This rare pink hippo may look out of place against its herd – but it has developed unique ways of surviving in the wild. The hippo – which was pictured at a Kenyan nature reserve – is not an albino but is in fact leucistic, a condition where the pigmentation of cells in an animal fail to develop properly. Leucism can often affect an animal’s chances of survival as it makes them visible to predators – and also leaves them at risk of sunburn.

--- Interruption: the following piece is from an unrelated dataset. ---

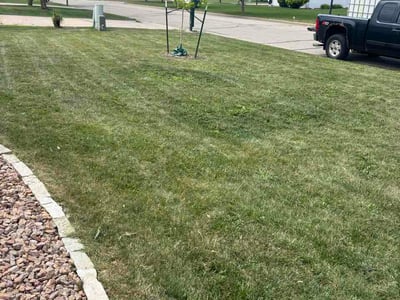 Lawn Care service in Menasha, 54952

But hippos have an advantage in that they are big enough to defend themselves against attackers as well being able to use their sweat as sun screen. Leucism is a condition in which there is only partial loss of pigmentation, which results in white, pale, or patchy colouration of the skin but unlike albinism does not affect the eyes. It is caused by a reduction in multiple types of pigment not just melanin.
Leucism differs to albinism in that the latter is caused by the reduction of melanin production only and in mammals, results in white hair and pink eyes. While albinism causes mammal’s eyes to turn pink, leucism doesn’t affect eye colour – the condition causes hippos to have dappled pink skin but leaves the area around their eyes a greyish-brown. Hippos produce ‘sweat’ made of one red and one orange pigment, the red pigment contains an antibiotic, while the orange absorbs UV rays.
The hippo was captured by two French photographers in Masai Mara National Reserve in Kenya in 2014 and was seen in 2015 at the Kenya’s Masai Mara National Reserve. She was photographed by French couple Laurent and Dominique Renaud.